DATA BELOW:
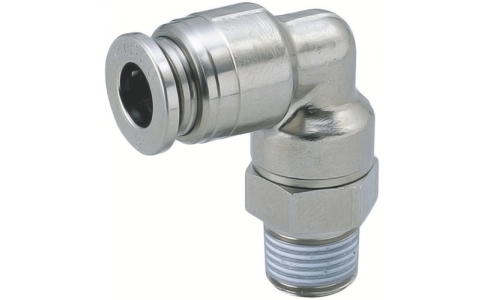 日本 PISCO KL8-02-1 管內(nèi)無噴漆護(hù)罩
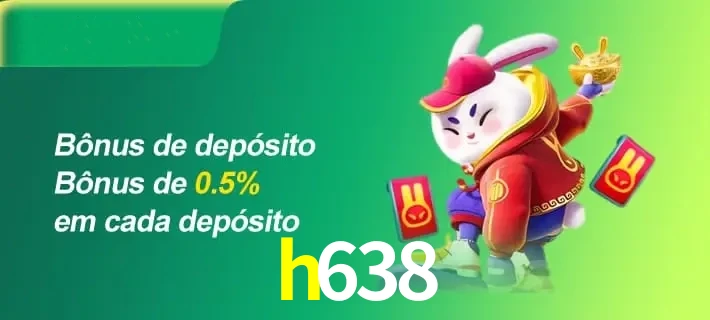 Promoções3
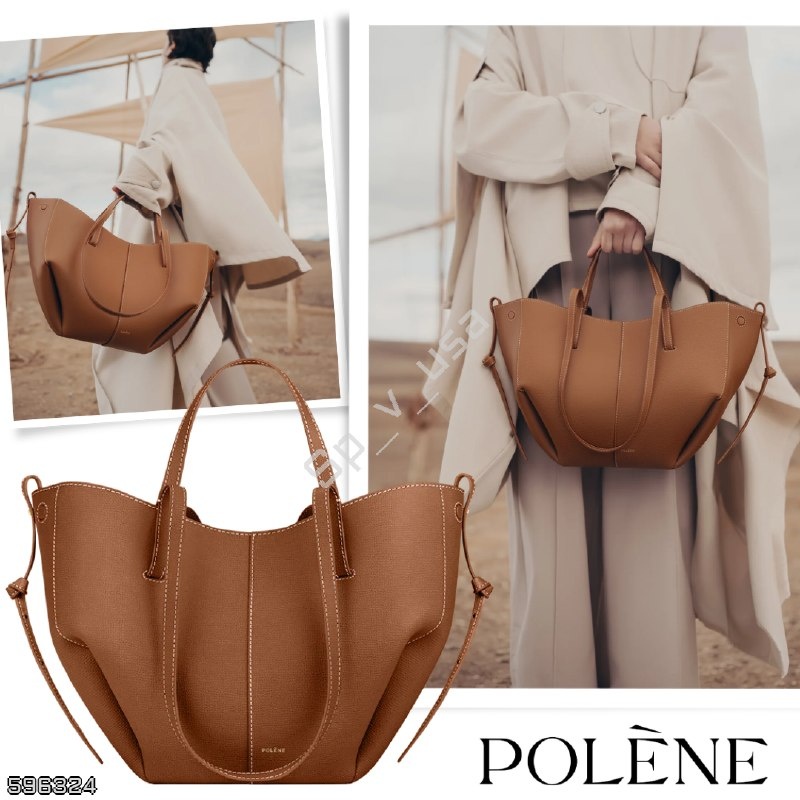 Polène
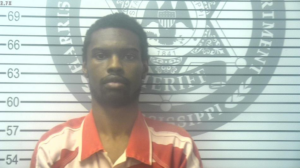 Jarvis Daniels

EXERCISE OBJECTIVE:
Could you transcribe the material above exactly, keeping every picture out?

RESULT OF THE EXERCISE:
 日本 PISCO KL8-02-1 管內(nèi)無噴漆護(hù)罩
 Promoções3
 Polène
 Jarvis Daniels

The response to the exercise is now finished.